New Delhi, March 23 (IANS) India has imposed anti-dumping duty on four Chinese products, including aluminium foil, to safeguard domestic industry as these goods were being exported by the neighbouring country at below-normal prices.
The duties have been imposed on soft ferrite cores, vacuum-insulated flasks of a certain thickness, aluminium foil and trichloro-isocyanuric acid, as the inflow of these cheap goods into the Indian market was hurting domestic manufacturers of these products.
The notifications issued by the Central Board of Indirect Taxes and Customs (CBIC) state that the duty has been levied for a period of five years on the imports of soft ferrite cores, vacuum-insulated flasks, and trichloro-isocyanuric acid which is used as a disinfectant, chlorinating agent, and bleaching agent. It’s commonly found in tablet or granular form, and is the active ingredient in “chlorine” tablets used for swimming pool sanitation.
An anti-dumping duty of up to $873 per tonne has been imposed on aluminium foil for six months.
The CBIC has levied a duty that ranges from $276 per tonne to $986 per tonne on imports of trichloro isocyanuric acid imported from China and Japan.
A duty of up to 35 per cent on CIF (cost, insurance freight) value has been imposed on the import of soft ferrite cores that are used for making electric vehicles, chargers, and telecom devices while an anti-dumping duty of $1,732 per tonne has been levied on vacuum insulated flasks.
These duties were imposed after an investigation by the Commerce Ministry’s Directorate General of Trade Remedies (DGTR ) found that these products were being dumped below the cost of production and were hurting Indian industry. A safeguard duty is levied as a temporary tariff barrier imposed to shield domestic industries from a surge in imports.

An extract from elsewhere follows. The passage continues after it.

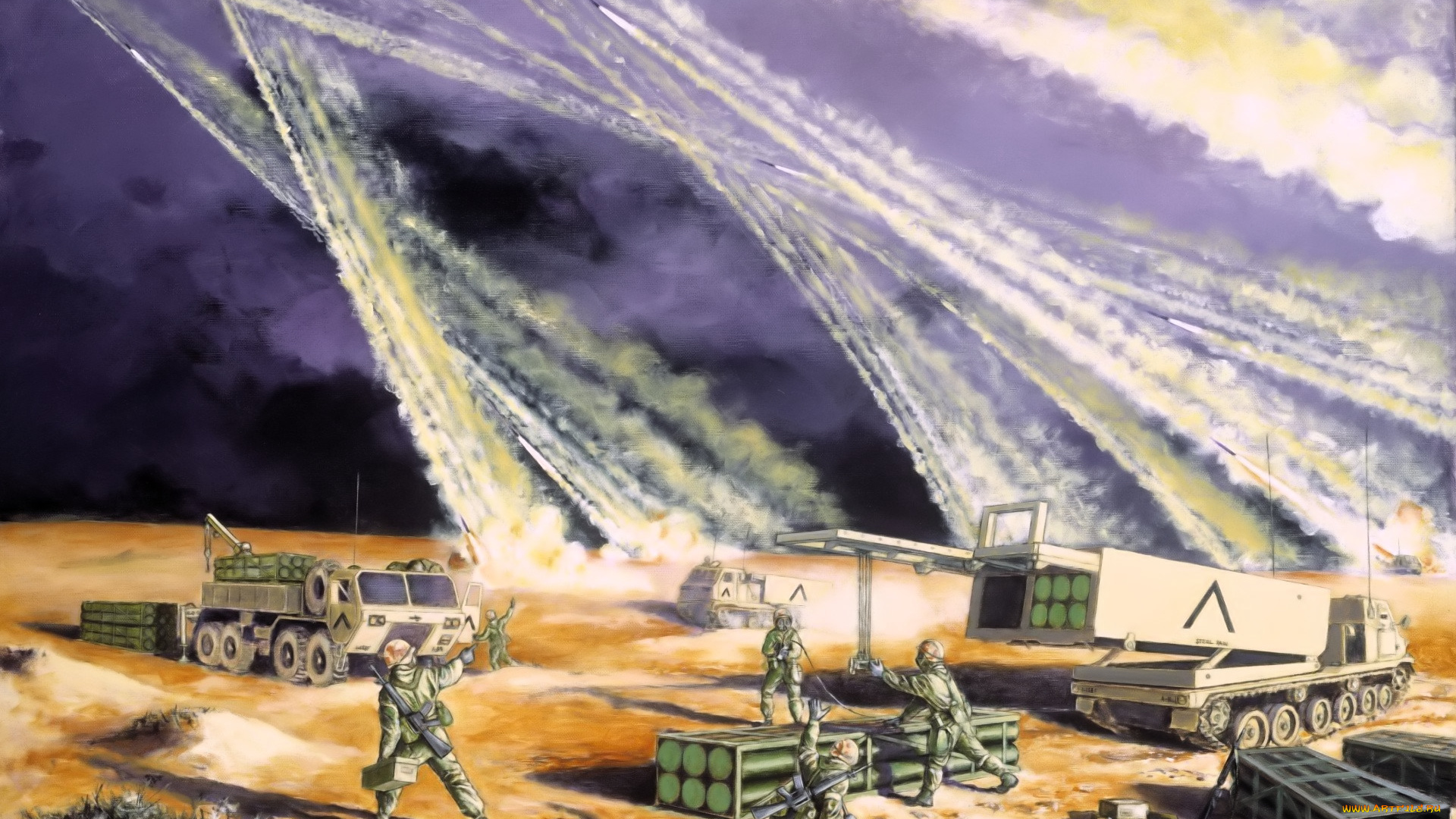 рисованное, армия, люди, техника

The levying of anti-dumping duties is allowed under the rules of the World Trade Organisation (WTO), and is aimed at ensuring fair trading practices and safeguarding producers and manufacturers from unfair trade practices.
Similarly, India’s DGTR, on March 19, recommended a 12 per cent safeguard duty on some steel products, to protect the country’s domestic industry from a surge in dumping of cheap imports from countries like China, South Korea and Vietnam, due to the sharp increase in US tariffs announced by the Donald Trump administration.

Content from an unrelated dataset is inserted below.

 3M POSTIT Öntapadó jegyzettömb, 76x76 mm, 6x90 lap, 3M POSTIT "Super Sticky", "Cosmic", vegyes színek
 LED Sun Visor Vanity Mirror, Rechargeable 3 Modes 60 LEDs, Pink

The findings are now open for comments for 30 days, after which the final decision will be announced. In view of the above conclusion, the authority considered the appropriate measure to be imposed provisionally. The objective is to protect the domestic industry for the product under consideration, against the surge of imports, it said.
Trade diversion due to the protective measures imposed by the United States has been a major cause of the surge in imports.